Recognizing that a significant number of today’s college students struggle with housing insecurity and homelessness, institutions are collaborating with local housing authorities and nonprofit groups to reduce student homelessness. A national survey revealed that 9 percent of university students and 12 percent of community college students self-identify as homeless.
This basic needs insecurity has implications not only for student success but also for colleges’ enrollment numbers, given that “students in unstable living environments…are more likely to drop out,” according to The Hechinger Report.
Efforts underway in Washington State
Looking specifically at efforts to address student homelessness in Washington State, The Hechinger Report spoke with formerly homeless student Dorothy Gorder, who eventually secured housing for herself and her son in Seattle through a collaboration between Tacoma Community College (TCC) and the Tacoma Housing Authority. The College Housing Assistance Program provides vouchers for subsidized rent to 150 TCC students who are homeless or housing-insecure. TCC has found that homeless students who are provided with housing assistance are four times more likely to stay enrolled than those without assistance.

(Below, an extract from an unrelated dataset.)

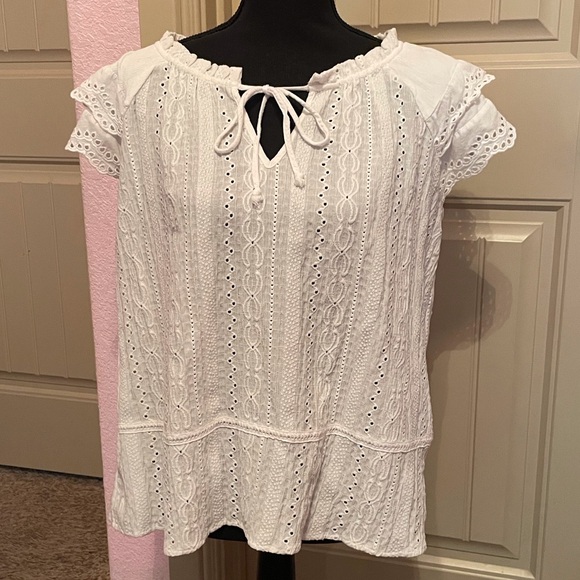Knox Rose Tops - Knox Rose White Blouse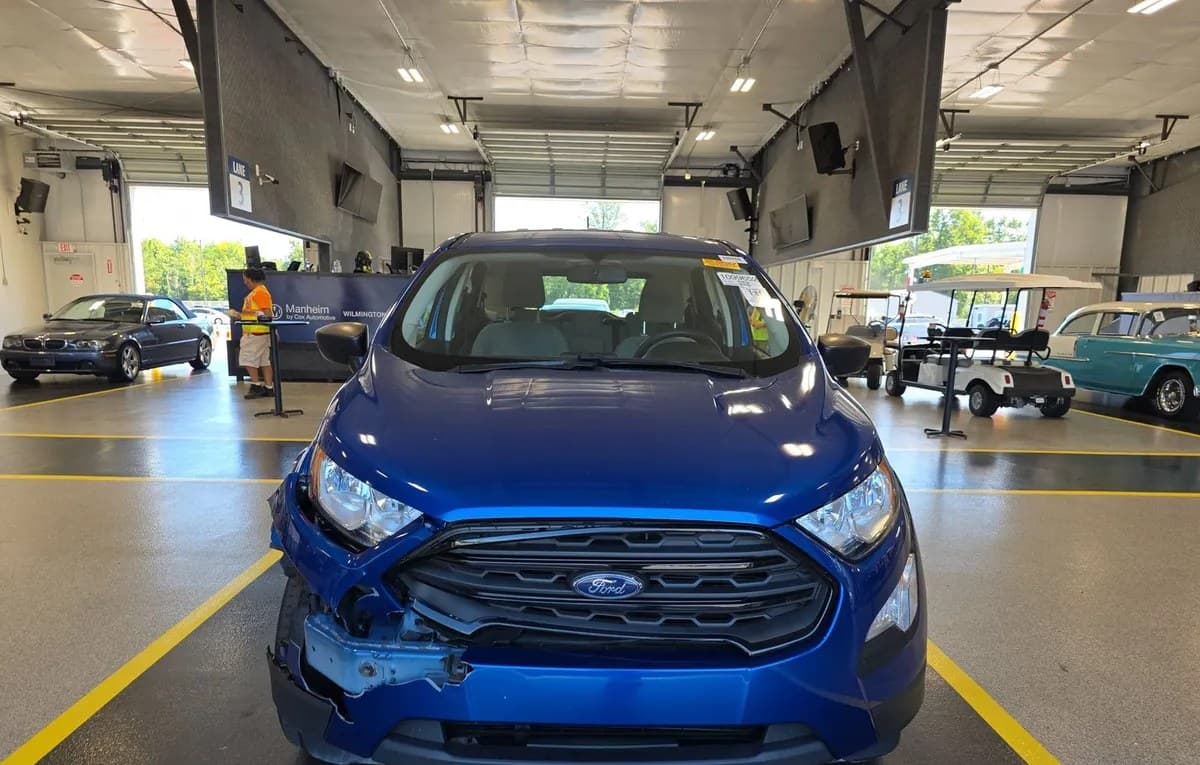2021 FORD ECOSPORT S 3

A program at the University of Washington-Tacoma (UWT), meanwhile, started with student activism. Leaders in UWT’s student government partnered with the local housing authority and a private developer to reserve 52 “micro-units” for students experiencing or at risk for homelessness.
“Higher education is not a social service agency, and we recognize that,” said Ed Mirecki, dean of students at UWT. “But on the other hand, if we really are focused on increasing access and providing these [educational] opportunities for students, we have an obligation to help support their success and that means creating these support structures around affordable housing and food insecurity.”

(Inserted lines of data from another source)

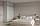 Сучасний модульний спальний гарнітур білий Сан Маріно з шафою 3д, фото 2
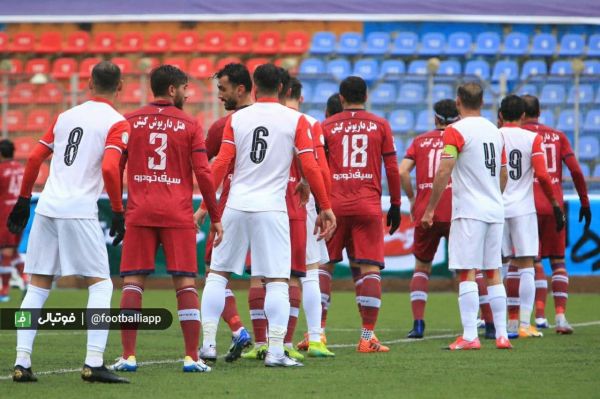  تدابیر بهداشتی ویژه برای دیدار پرسپولیس- نساجی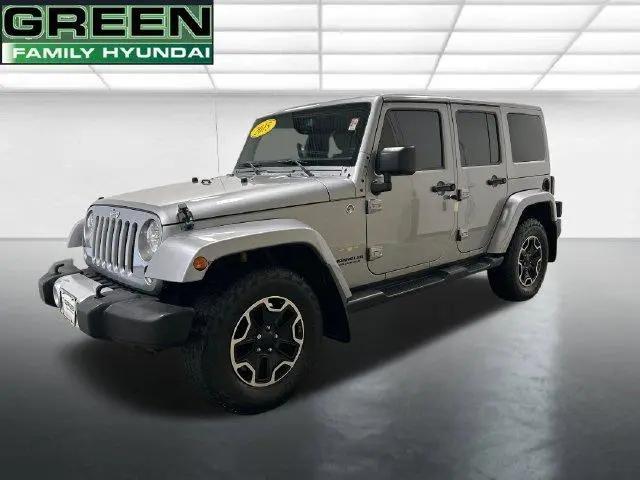 2015 Jeep Wrangler Unlimited Sahara for sale in Moline, IL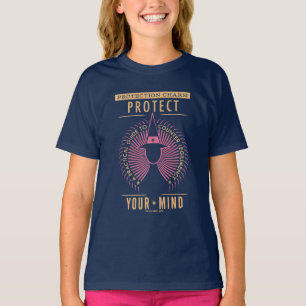 Camiseta Guia de Caracteres de Proteção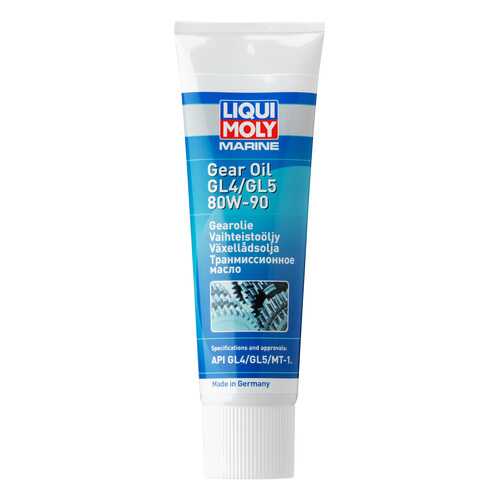 Трансмиссионное масло LIQUI MOLY Marine Gear Oil 80W90 0.25л 25031 в Башнефть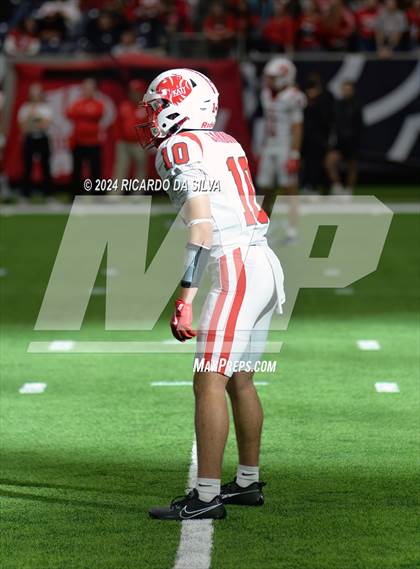 Thumbnail 3 in Katy vs. North Shore (UIL 6A Football Division 1 Region 3 Regional) photogallery.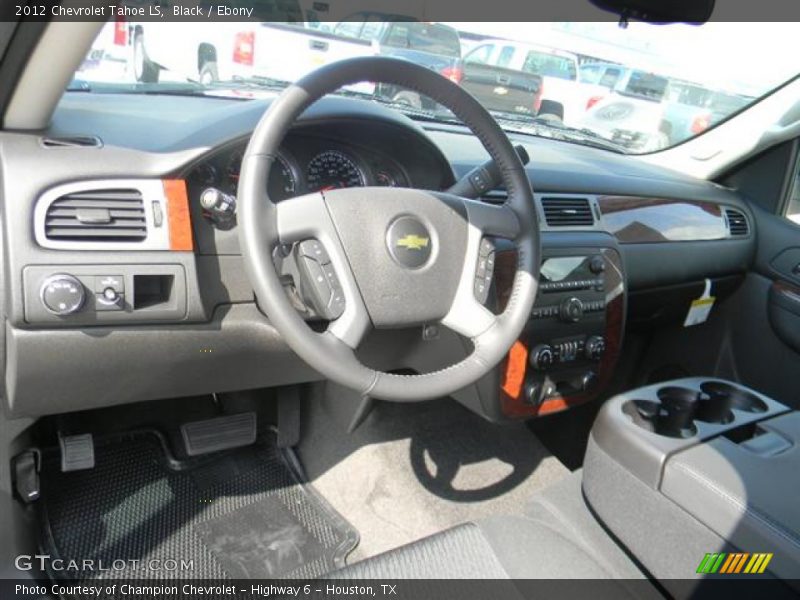 Black / Ebony 2012 Chevrolet Tahoe LS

Obstacles to housing vouchers
The Washington State programs have also shed light on obstacles to helping homeless college students. The 255-square-foot units offered by UWT, for instance, are too small for students with families. Some students also struggle to obtain and use housing vouchers, given the dearth of affordable housing in the region, the complex paperwork required, and the need to cover move-in costs. UWT’s foundation attempts to shrink that hurdle by helping cover students’ housing deposits.
Landlords also may be wary of students with past evictions or criminal records. “It’s really hard to use a voucher in this market, because landlords have been picky,” said Tacoma Housing Authority project manager Aley Thompson.
Programs inspiring statewide policy
The Hechinger Report writes that Washington lawmakers, inspired by the results from TCC’s program, “have proposed requiring the state’s community colleges and four-year institutions to give access to laundry facilities, storage units, and showers to homeless students and work with local housing authorities to develop rental assistance programs.”
Gorder, meanwhile, has testified in front of the state legislature in support of such policies—and their ability to transform lives.